** The data **
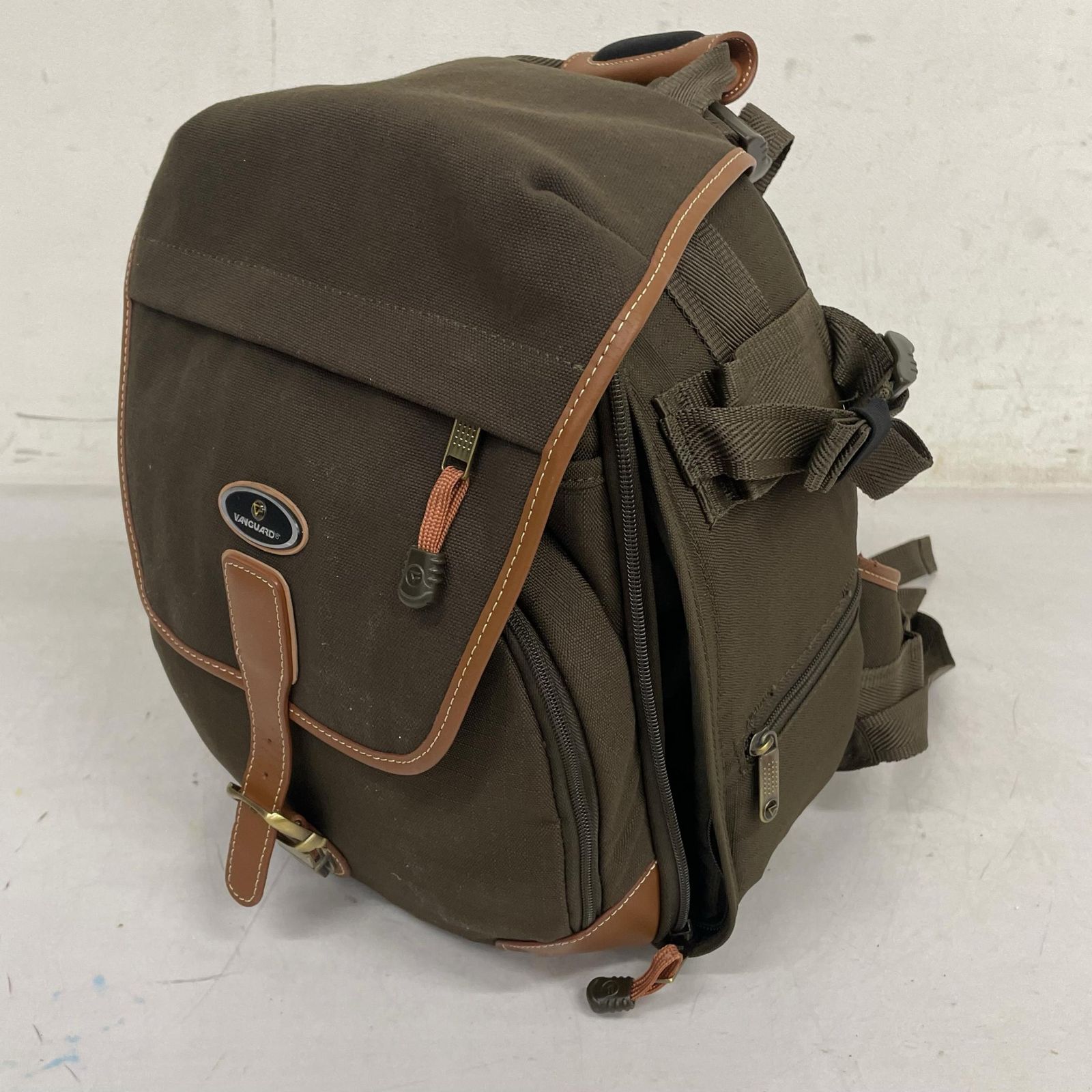 Vanguared バンガード カメラバッグ Arlenビデオカメラアクセサリー ユニセックス カーキ 中古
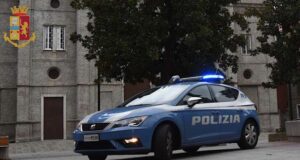 Ruba un telefonino in un negozio, nei guai 54enne spezzino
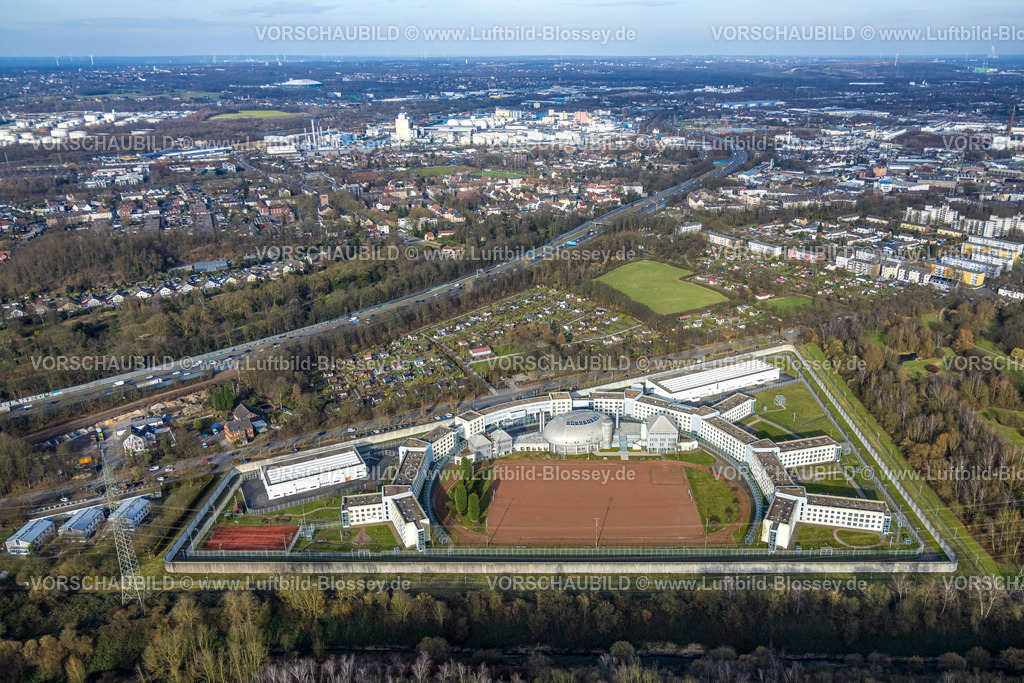 Gelsenkirchen250202801Sued | Luftbild, Justizvollzugsanstalt Gelsenkirchen, Gefängnis in Hufeisenform, Autobahn A42 und KGV Kleingartenverein Hessler e.V., hinten der Stadthafen, Feldmark, Gelsenkirchen, Ruhrgebiet, Nordrhein-Westfalen, Deutschland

** What needs to be done **
Where pictures sit among the data above, omit them, and output the rest exactly.

** Exercise solution **
 Vanguared バンガード カメラバッグ Arlenビデオカメラアクセサリー ユニセックス カーキ 中古
 Ruba un telefonino in un negozio, nei guai 54enne spezzino
 Gelsenkirchen250202801Sued | Luftbild, Justizvollzugsanstalt Gelsenkirchen, Gefängnis in Hufeisenform, Autobahn A42 und KGV Kleingartenverein Hessler e.V., hinten der Stadthafen, Feldmark, Gelsenkirchen, Ruhrgebiet, Nordrhein-Westfalen, Deutschland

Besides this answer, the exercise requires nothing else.